Ever since the EOS token sale was announced yesterday, there has been much hand-wringing and off-the-cuff analysis. I wrote an article with a few of my first thoughts, and I haven't been able to get the sale out of my head since.

In my article, I wrote the following:
The fact that the optimal bidding strategy is not obvious means that whoever gets the game theory right is going to make a killing off this crowdsale. You should ask the team why they think a weird non-traditional auction is fair.
In this article, I'll argue that the distribution model in the first 5 days is, in fact, unfair.
Let's say Alice is a hyper-bull on EOS, and thinks it's going to hit $10,000 someday. As far as she's concerned, any ICO price is a good price.
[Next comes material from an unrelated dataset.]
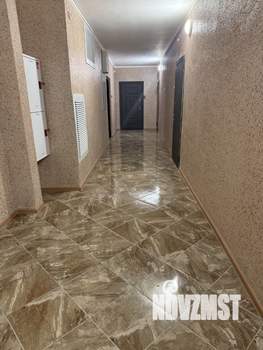 1-к квартира, на длительный срок, 32м2, 18/25 этаж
On the other hand, Bob believes the long-term potential is wonderful and could easily see $100 per token someday, but he's confident that it's going to take a while to get there. He suspects the crypto bubble will probably burst in the next couple months as the ICO calendar thins out, and thinks EOS could easily fall to $0.10 during the crash before the chain is actually launched. This leads him to say that $1 per token is the most he'd want to pay in the token sale. Any higher price than that and he'll wait for greener pastures down the line.
So Alice has no maximum price, but Bob does: Bob doesn't want to pay more than $1 per token in the first 5-day period of the sale.
What are Alice and Bob's optimal contribution strategies?
For Alice, it's easy. She just contributes ETH. Since she has no maximum price, she doesn't care how much ETH gets pushed into the sale. She'll take whatever she can get at any price.
For Bob, the optimal strategy is completely non-obvious. Let's see why. The way the auction works, everybody who contributes in the first 5 days gets the same price. If the total amount of ETH contributed in that time is total_ETH_contributed
, that price is simply
total_ETH_contributed / 200,000,000.
The more who contribute, the higher that price. But Bob has a maximum price that he's willing to contribute for! How can he be sure he doesn't pay more than his maximum price?
Bob cannot be sure that he'll pay less than his maximum price.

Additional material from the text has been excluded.